SUPPLIED RECORDS START
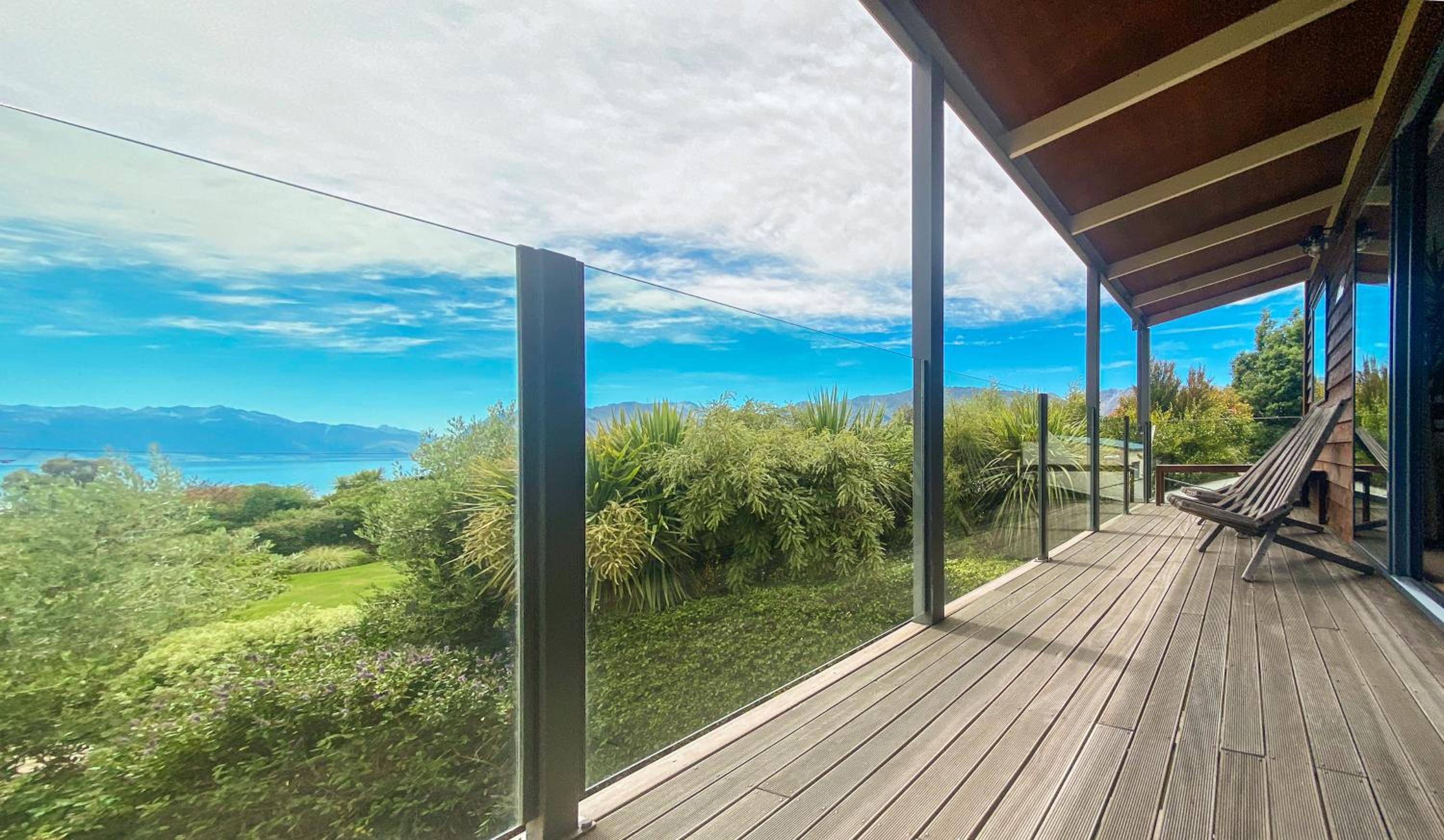Stunning Panoramic Lake Hawea Views 5 Bedrooms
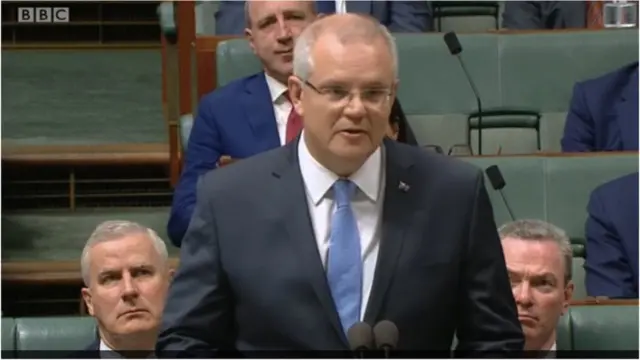 성적 학대 피해자들에게 국가 사과문을 읽고 있는 호주 스콧 모리슨 총리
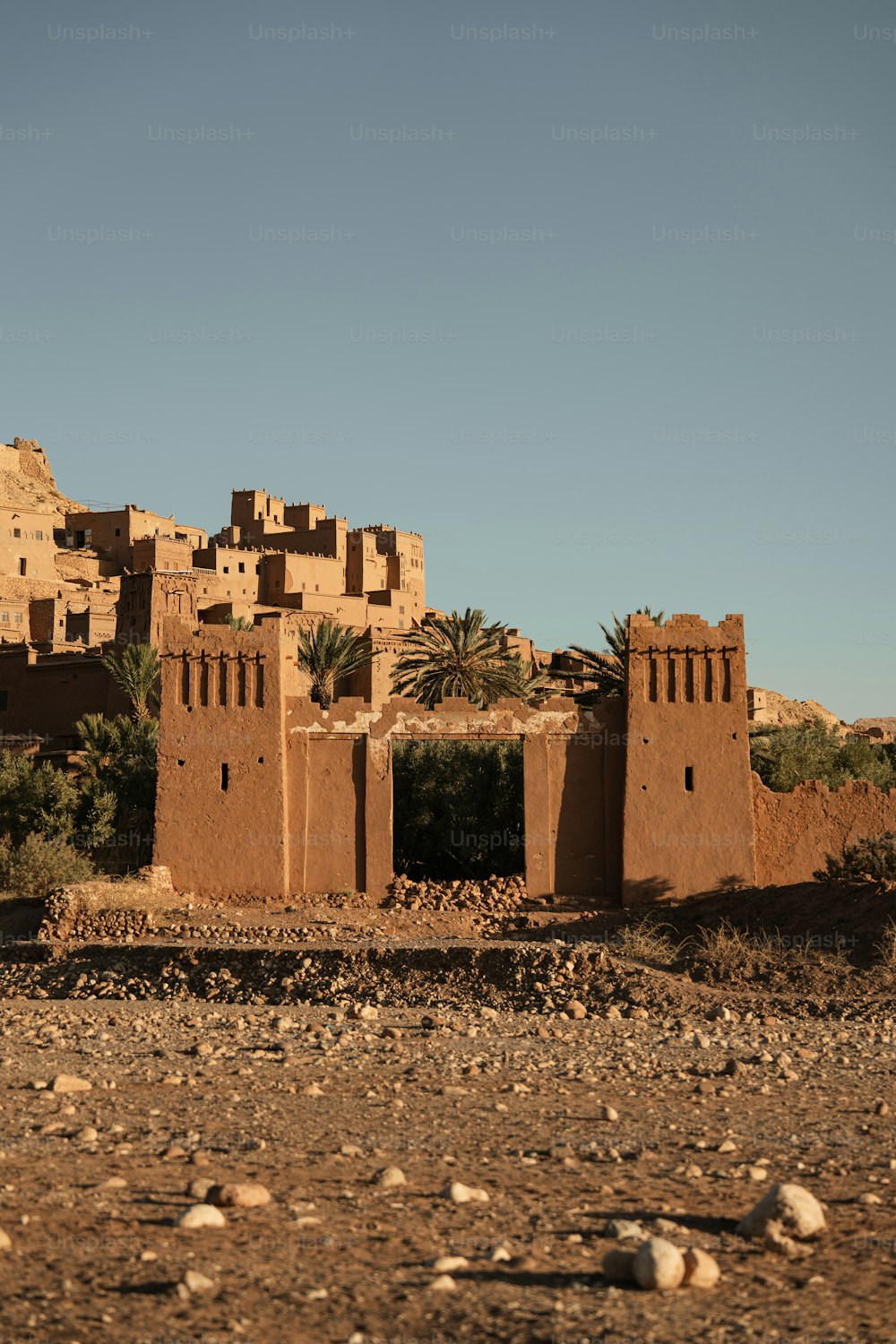 um edifício marrom sentado no meio de um deserto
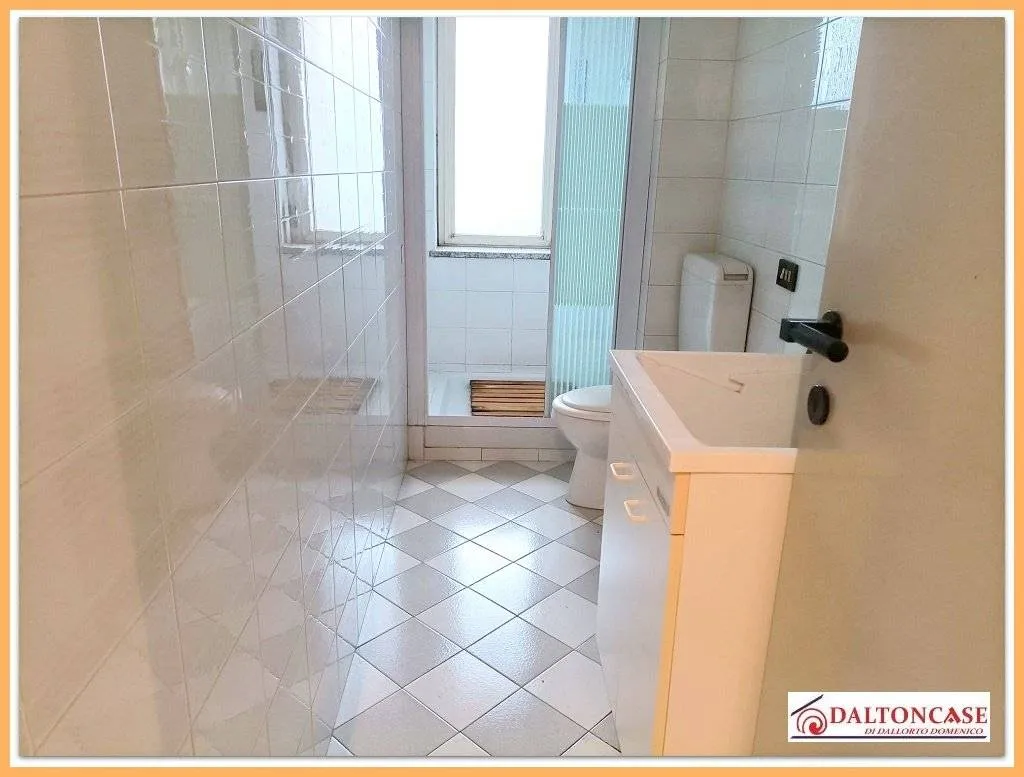 Salles de bain - Apartment with Balcony Veranda in Fossano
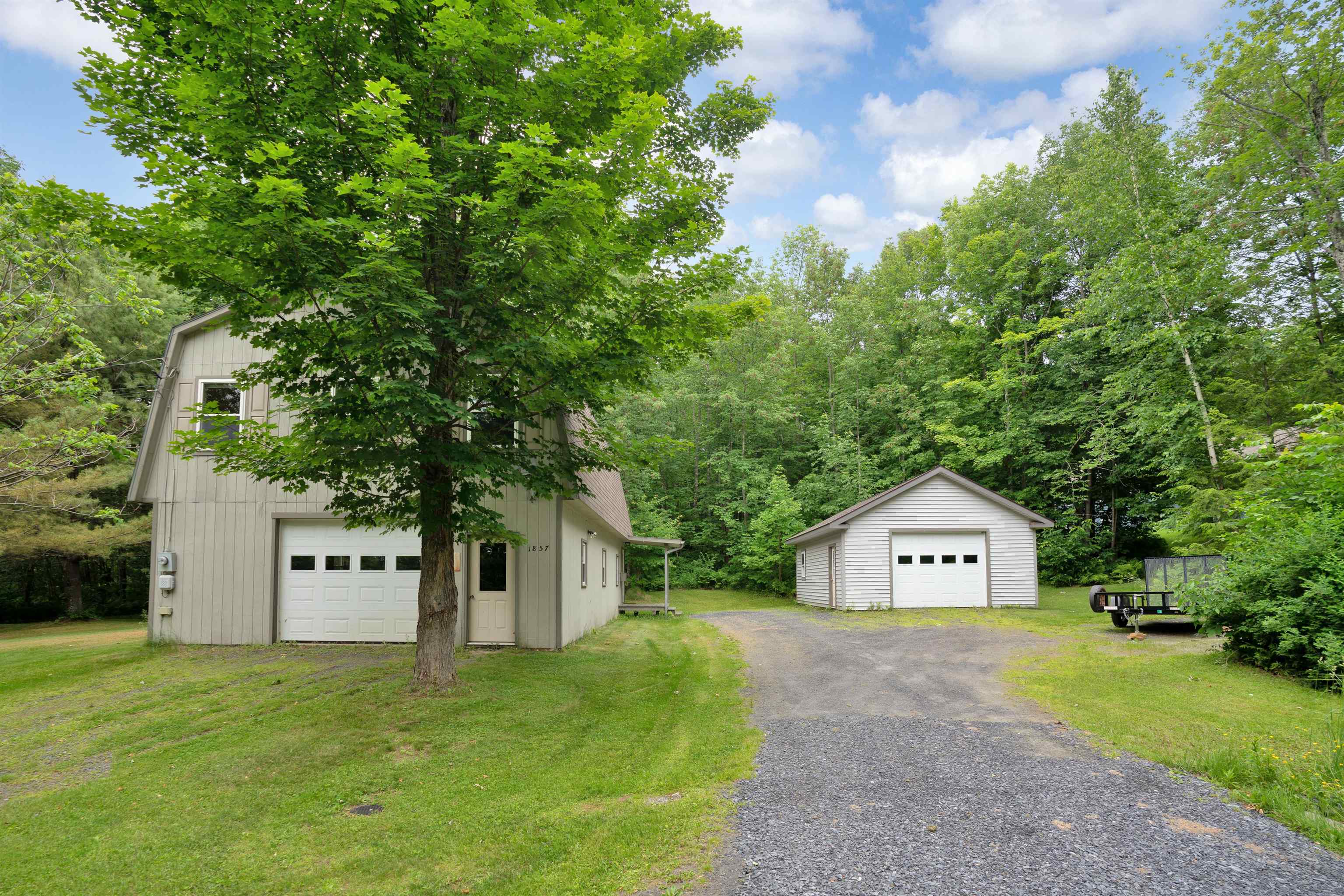 1875 Shaw Mansion Road Waterbury, VT 05677 - Photo 24 of 40 Gallery Image 24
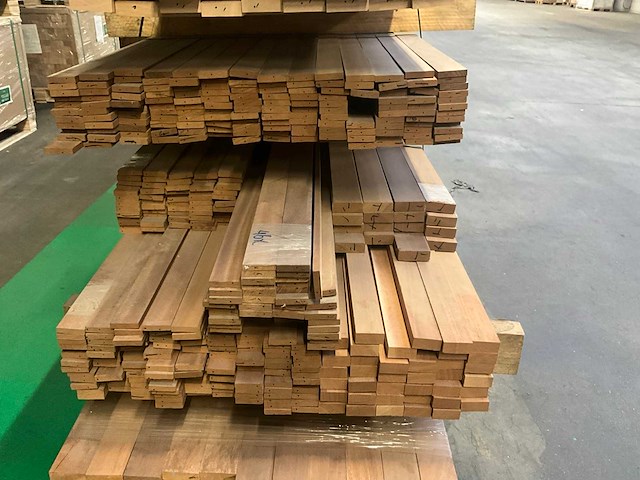 Partij hardhouten latten - afbeelding 5 van  7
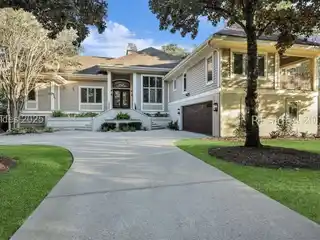 Elegant First-Floor Primary Suite with Office Space
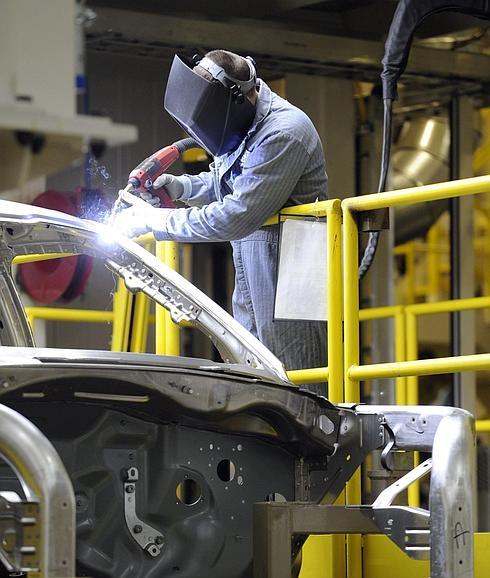 El coste laboral por trabajador cae un 0,5% en el cuarto trimestre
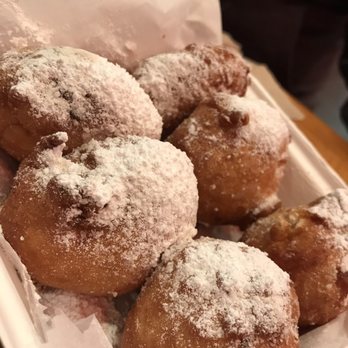 powdered sugar beignet image 3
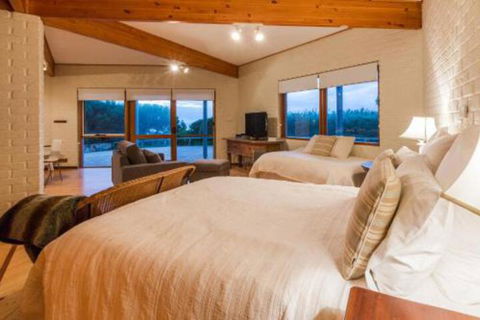 Yallingups Best Located Beach House - Tourism TAS 7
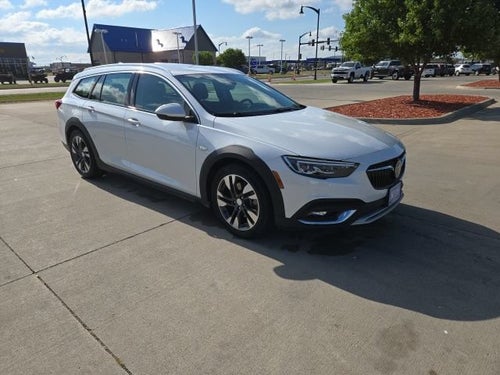 2018 Buick Regal TourX Essence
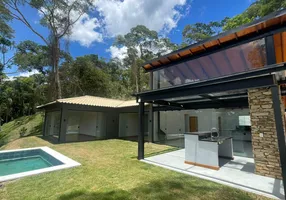 Foto 1 de Casa de Condomínio com 3 Quartos à venda, 160m² em Secretário, Petrópolis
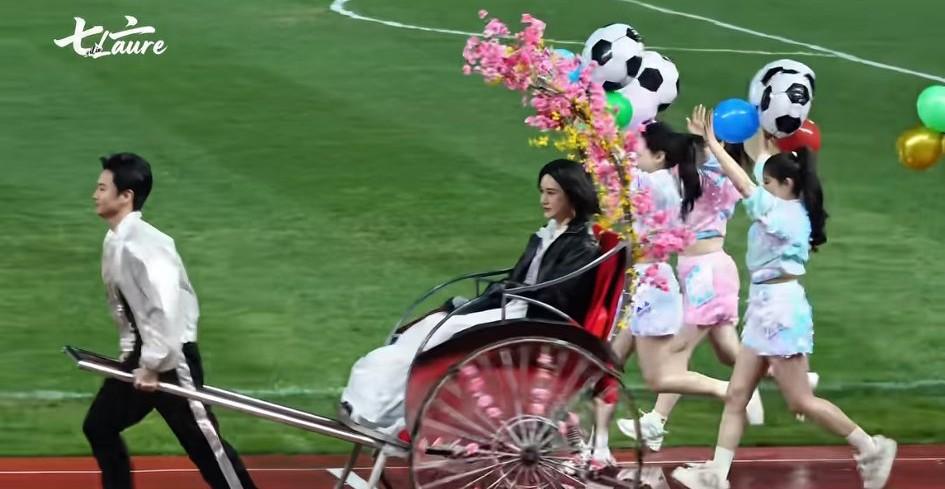 看到扬州赛区尚雯婕的出场方式，那些吐槽“宿迁赛区何润东出场没有骑马”的网友应该可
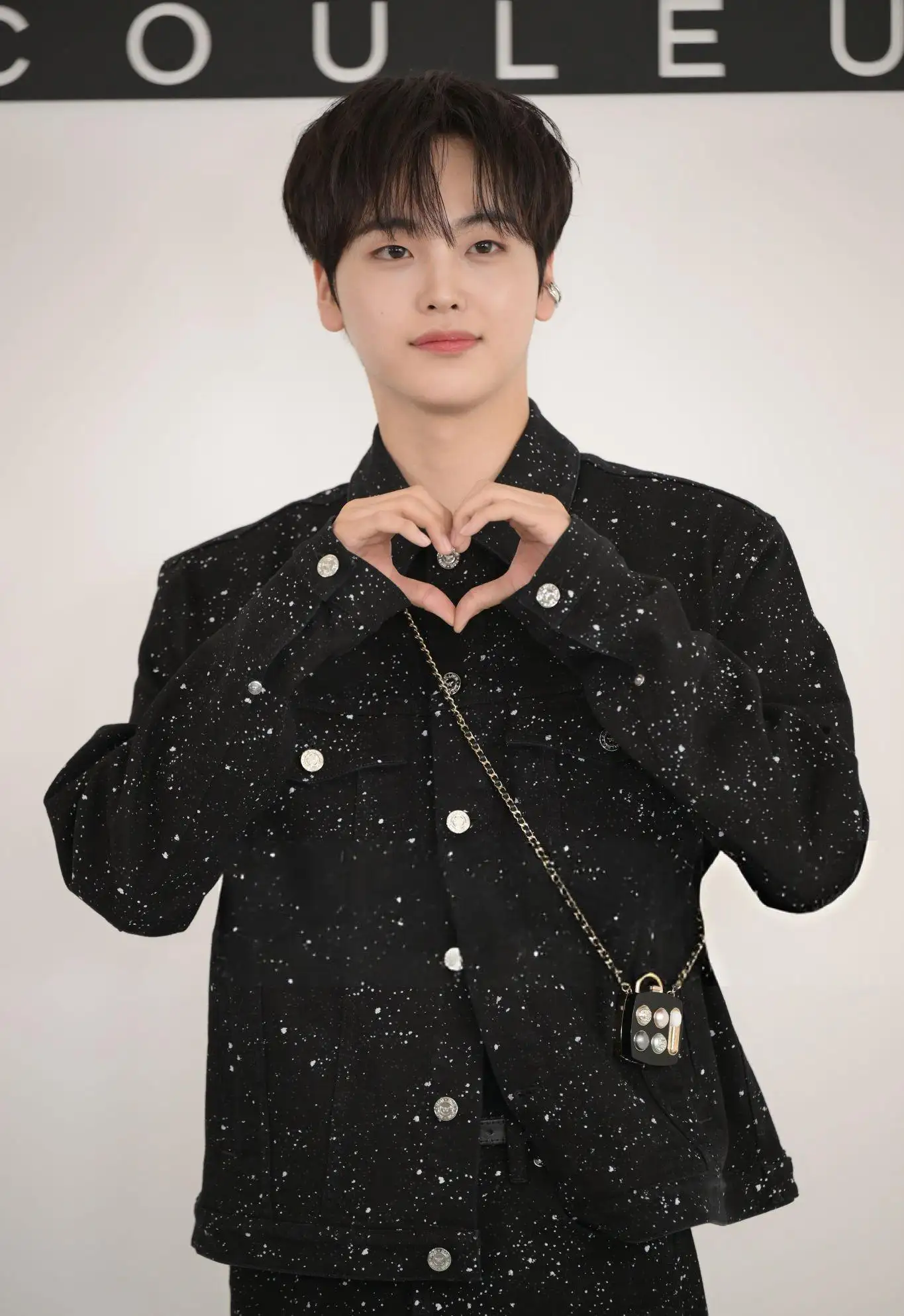 HyeongJun of CRAVITY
SUPPLIED RECORDS END
**PROBLEM DETAILS:** Exactly the lines from the one containing "Yallingups Best Located" through the end of the data above: repeat those, both ends included, and nothing else. Skip the pictures.

**RESPONSE TO THE TASK:**
 Yallingups Best Located Beach House - Tourism TAS 7
 2018 Buick Regal TourX Essence
 Foto 1 de Casa de Condomínio com 3 Quartos à venda, 160m² em Secretário, Petrópolis
 看到扬州赛区尚雯婕的出场方式，那些吐槽“宿迁赛区何润东出场没有骑马”的网友应该可
 HyeongJun of CRAVITY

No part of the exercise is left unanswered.